SOURCE DATA →
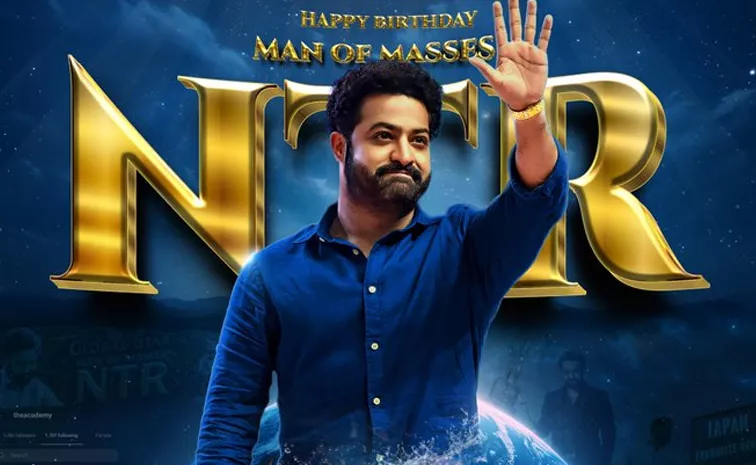 Man of the Masses Jr NTR Birthday Special Story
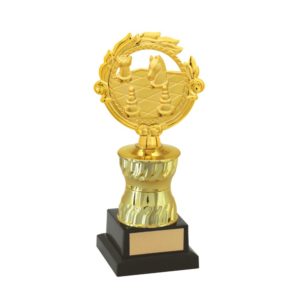 Troféu de Xadrez com 28cm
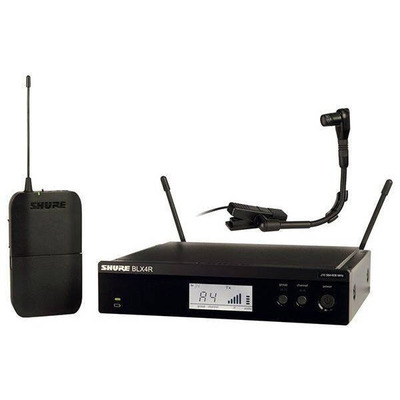 Радіосистема Shure BLX14REB98 Зображення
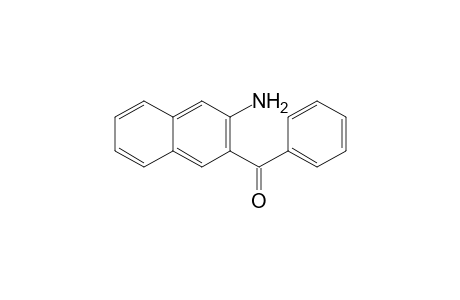 2-Amino-3-benzoylnaphthalene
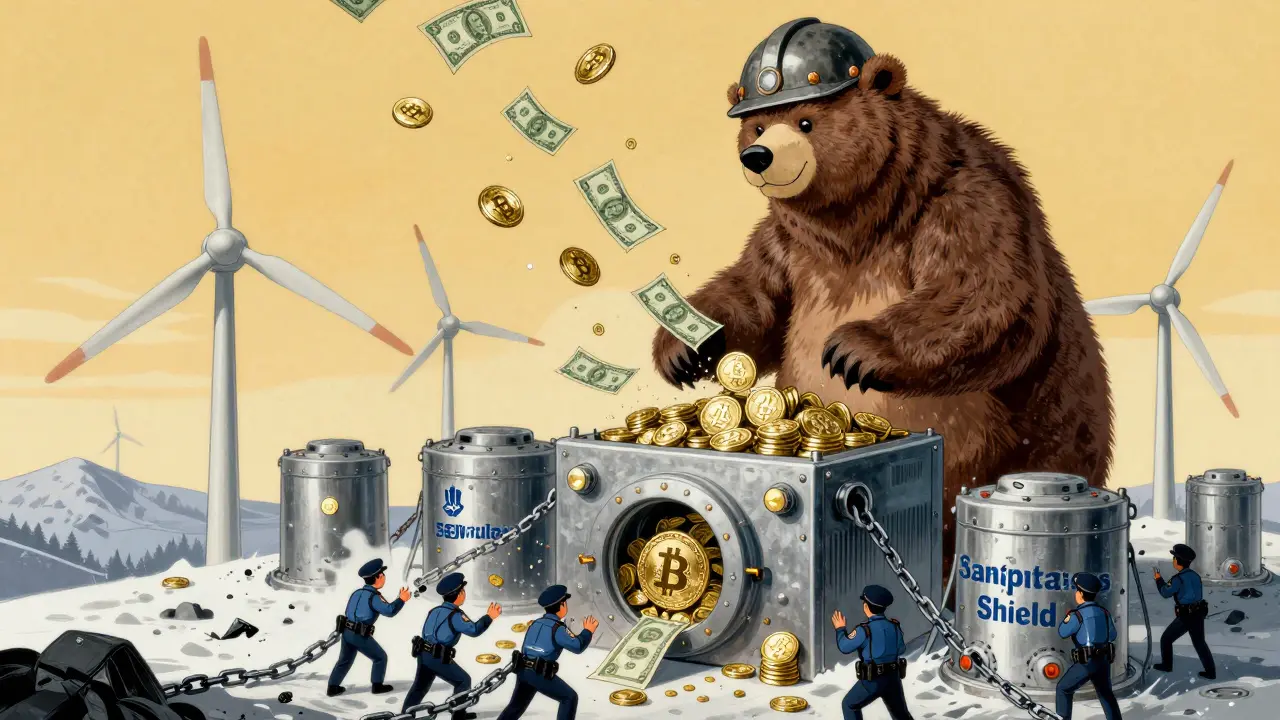 Russia Legalizes Crypto Mining to Bypass Sanctions: How It Works and Why It’s Limited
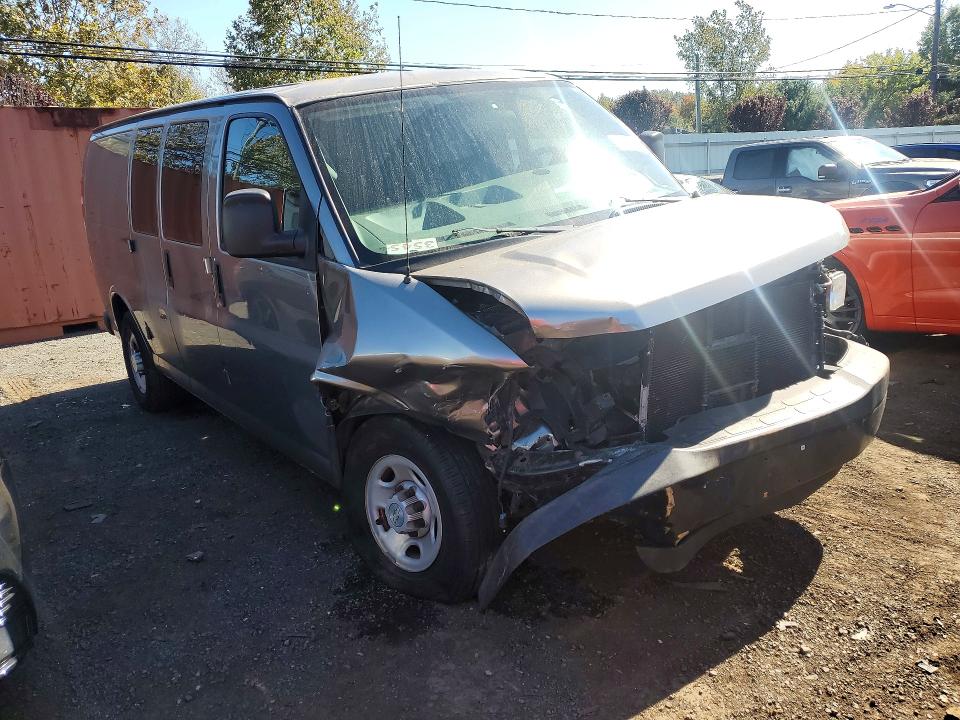 Продажа на аукционе авто 2007 Chevrolet Express G2500, vin: 1GCGG25V471190402, номер лота: 71156006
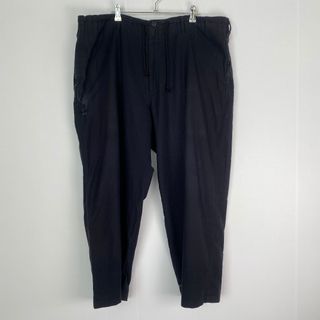 ヨウジヤマモトプールオム パンツ 紐パン ボロ グランジ 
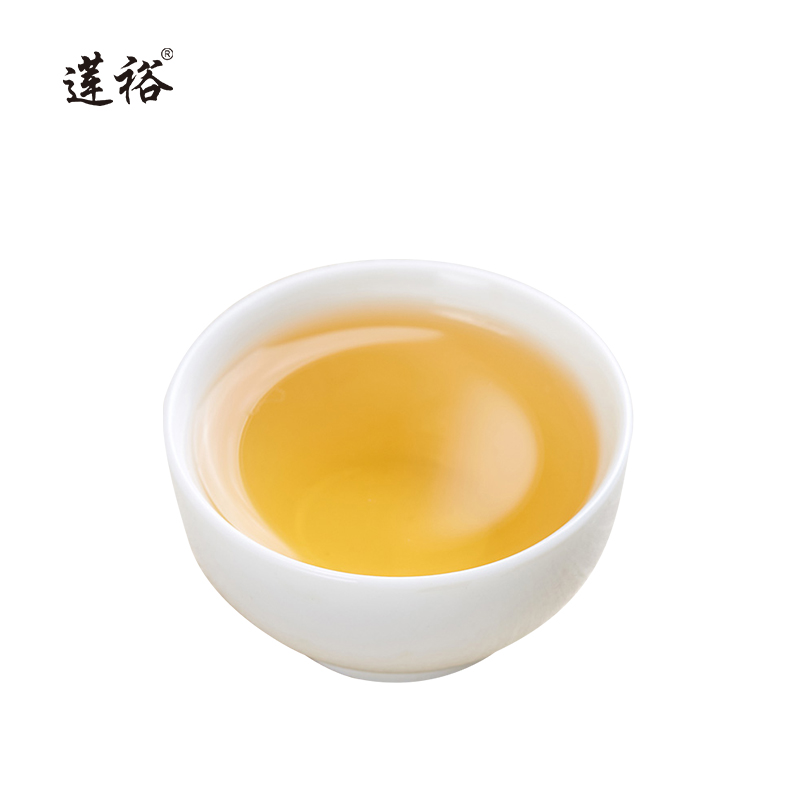 莲裕白茶饼寿眉350g/个高清大图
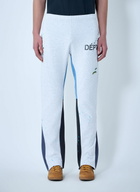 Gallery Dept. Logo Painted Flare Sweatpants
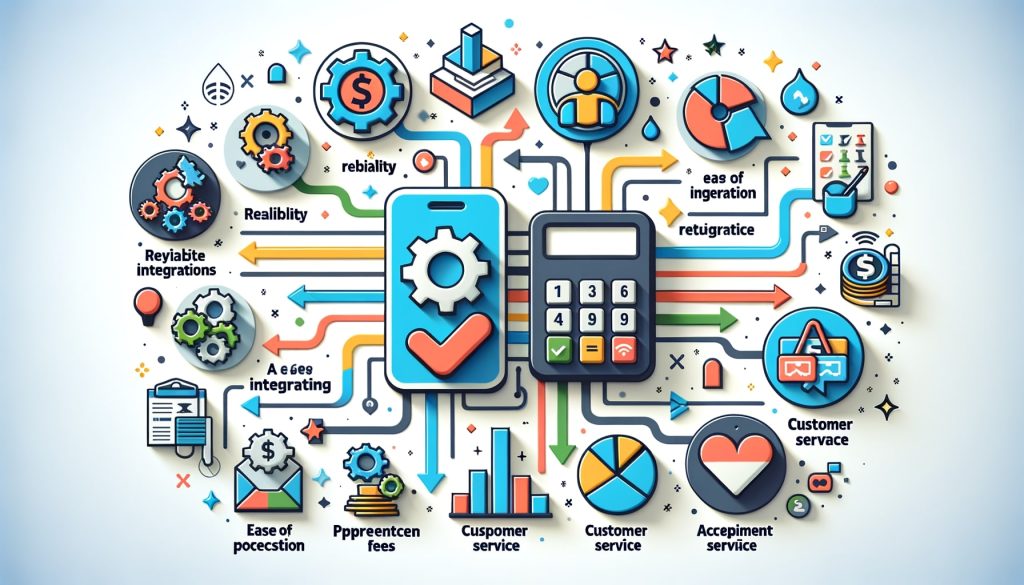 Factors to Consider When Choosing a Payment Processor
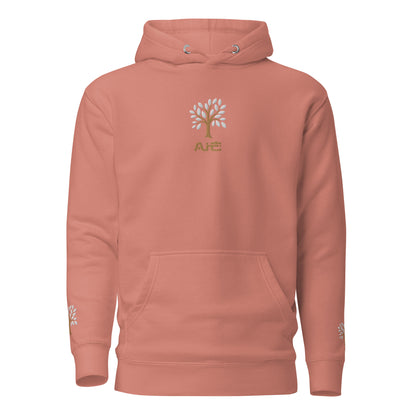 Eco-Hoodie - Apamate - Adopt a Tree.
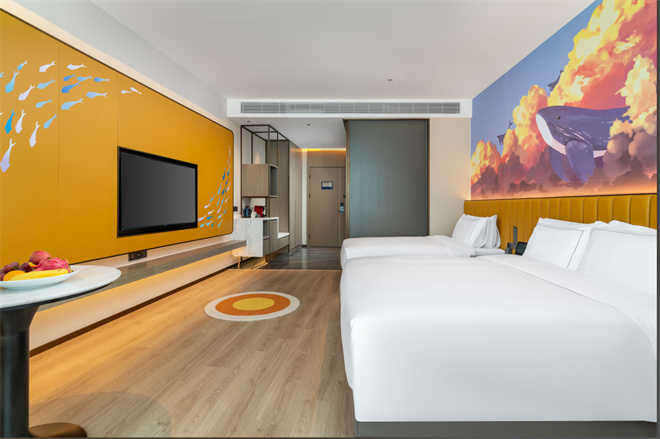 2026年度甄选中国热门酒店必住榜暨福州市“平潭凯悦逸扉酒店(坛南湾沙滩店)”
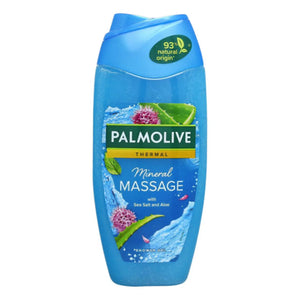 Shower Gel Mineral Massage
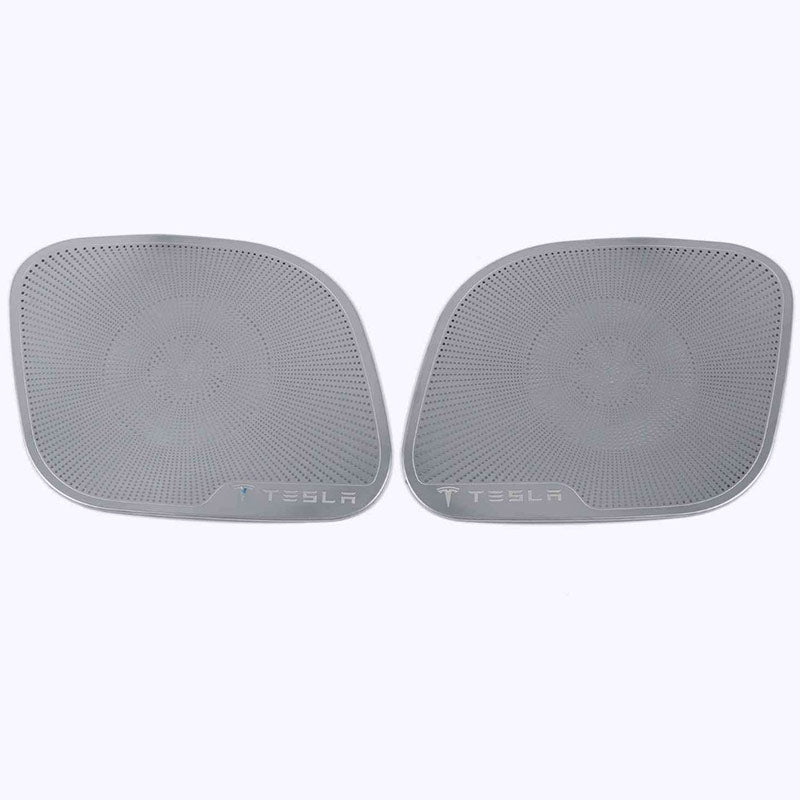 EVAAM® Speaker Grill Covers for Model 3/Y Accessories (2017-2023) - EVAAM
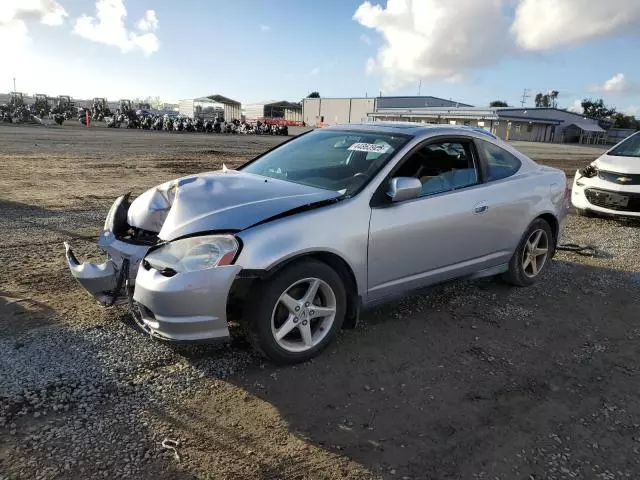 2002 Acura RSX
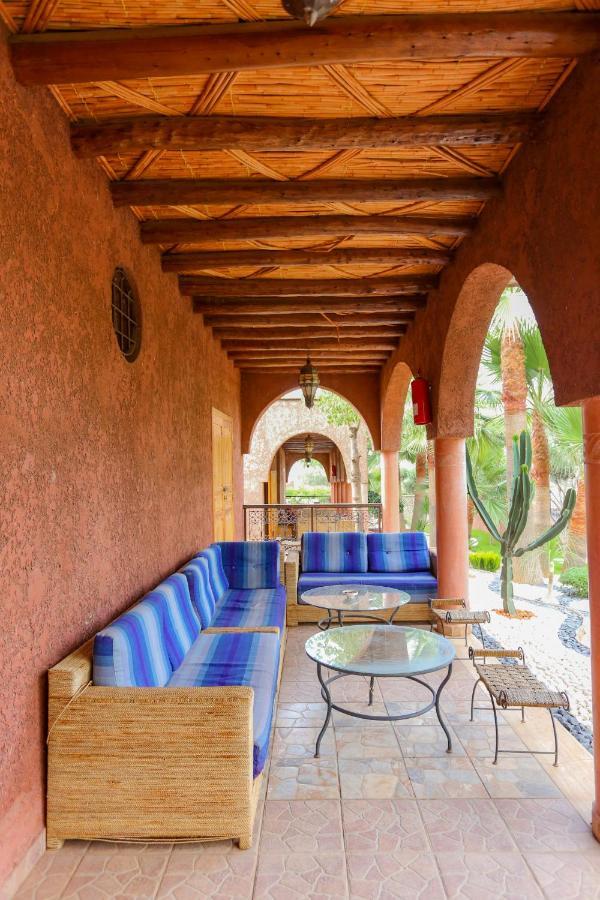 Chez Mamouchthka Bed & Breakfast Ourika Exterior photo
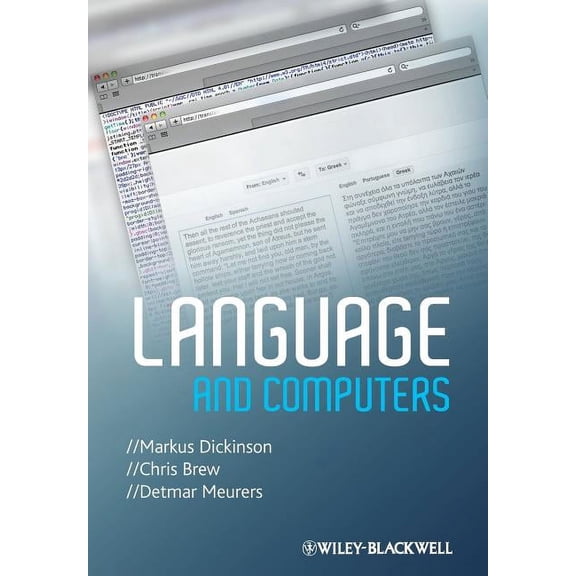 Language and Computers, (Paperback)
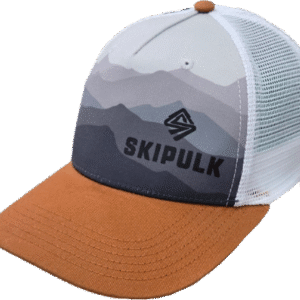 SkiPulk 5 Panel Trucker Hat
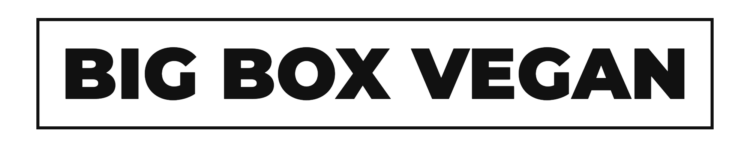 Big Box Vegan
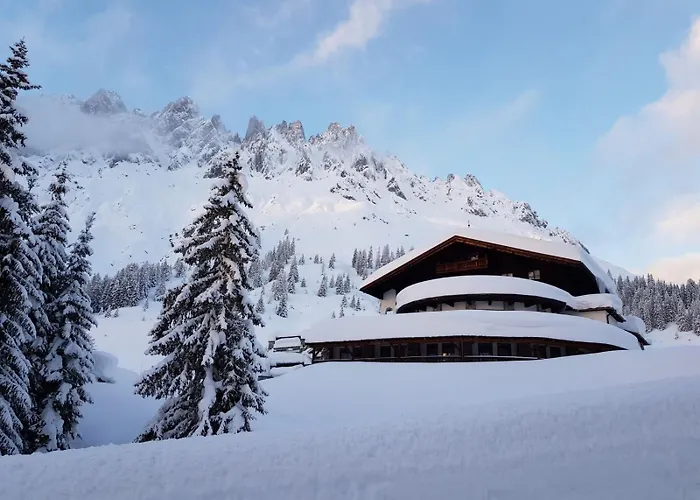 Berghotel Arthurhaus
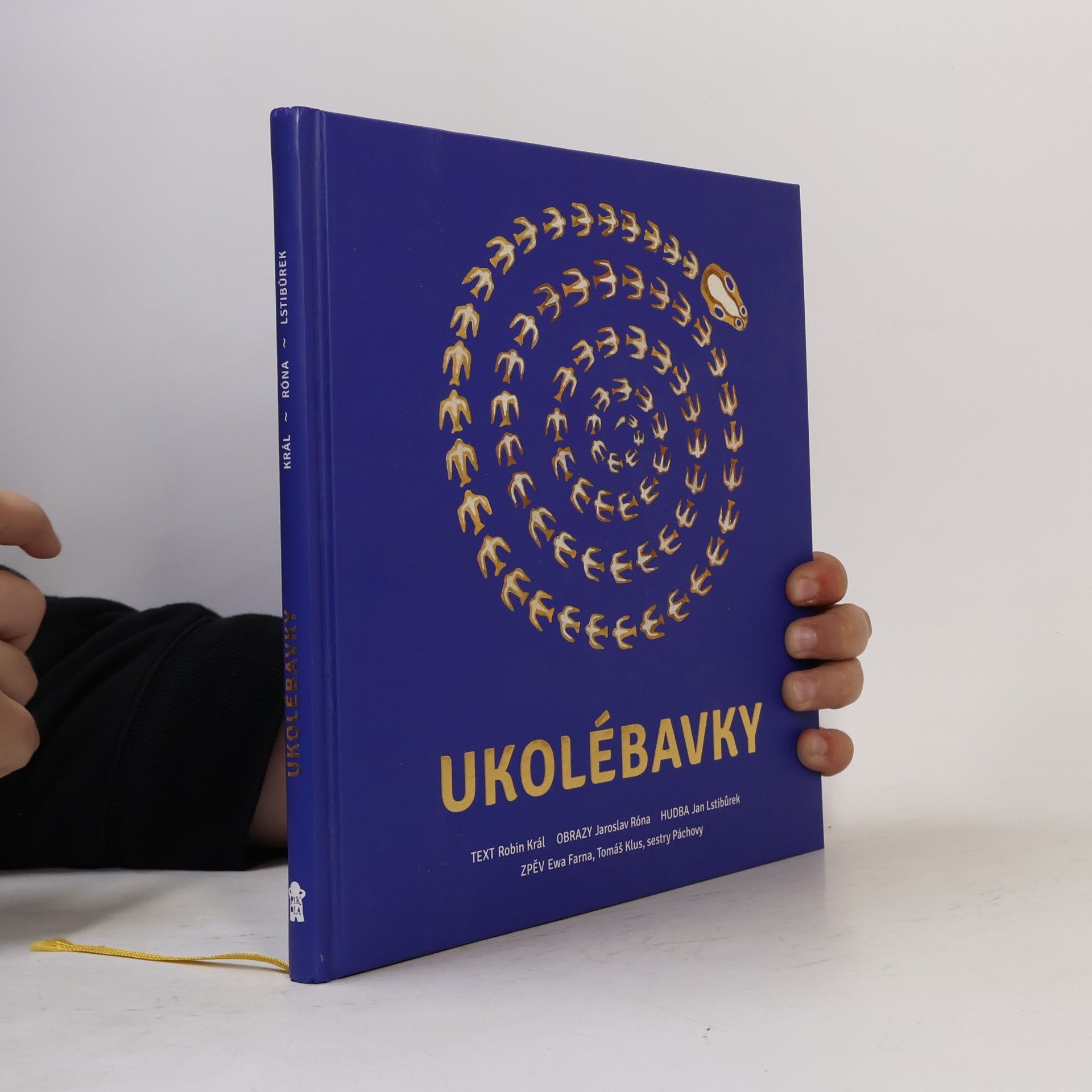 Robin Král Ukolébavky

THE PROBLEM →
No pictures belong in the copy. Transcribe every entry exactly.

YOUR SOLUTION →
 Man of the Masses Jr NTR Birthday Special Story
 Troféu de Xadrez com 28cm
 Радіосистема Shure BLX14REB98 Зображення
 2-Amino-3-benzoylnaphthalene
 Russia Legalizes Crypto Mining to Bypass Sanctions: How It Works and Why It’s Limited
 Продажа на аукционе авто 2007 Chevrolet Express G2500, vin: 1GCGG25V471190402, номер лота: 71156006
 ヨウジヤマモトプールオム パンツ 紐パン ボロ グランジ 
 莲裕白茶饼寿眉350g/个高清大图
 Gallery Dept. Logo Painted Flare Sweatpants
 Factors to Consider When Choosing a Payment Processor
 Eco-Hoodie - Apamate - Adopt a Tree.
 2026年度甄选中国热门酒店必住榜暨福州市“平潭凯悦逸扉酒店(坛南湾沙滩店)”
 Shower Gel Mineral Massage
 EVAAM® Speaker Grill Covers for Model 3/Y Accessories (2017-2023) - EVAAM
 2002 Acura RSX
 Chez Mamouchthka Bed & Breakfast Ourika Exterior photo
 Language and Computers, (Paperback)
 SkiPulk 5 Panel Trucker Hat
 Big Box Vegan
 Berghotel Arthurhaus
 Robin Král Ukolébavky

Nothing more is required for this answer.